CHAPTER 14


				ACHIEVING TERMINATION
					  AND
		    AN UPPER-BOUND FOR ALL CONTEXT-FREE GRAMMARS



	  Consider two observations about the parser.


14.1
Infinite Execution

	  If the grammar contains a rule like:

		    <A>	->	  <A>

	  or a set of rules like:

		    <A>	->	  <B>
		    <B>	->	  <A>

	  then our parser will never finish execution.	Whenever you pass an <A>
	  to GIVE, GIVE will call the grammar.  The grammar will see that <A> in
	  the IF-statement for the rule:

		    <A>	->	  <B>

	  The matched rule then calls GIVE with <B>.  GIVE calls the grammar
	  again and this time the rule

		    <B>	->	  <A>

	  applies, calling GIVE once more with an <A>.
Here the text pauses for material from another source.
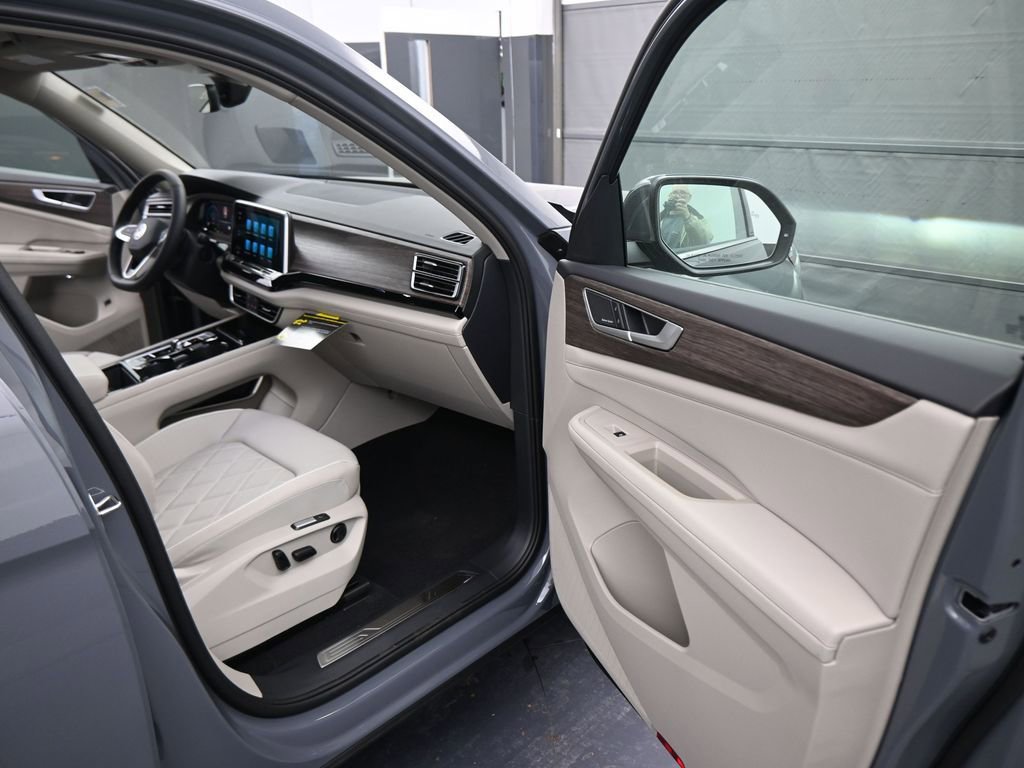 New 2026 Volkswagen Atlas SEL Premium R-Line image 43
	  GIVE calls the grammar and the grammar calls GIVE forever.  Neither
	  ever has a chance to return.  GIVE is called recursively with the
	  sequence of parts-of-speech:

		    <A>, <B>, <A>, <B>, <A>, ...


	  One could imagine banning such rules.  However, they come up in the
	  domain of datatypes, e.g.,

		    int	->	  real
		    real	->	  int

	  This particular pair of rules might be objectionable to some people,
	  particularly the rule:

		    real	->	  int

	  where the fractional part of the real is lost.  There are however many
	  such pairs of rules that are very useful (e.g., Section 23.5.3.2).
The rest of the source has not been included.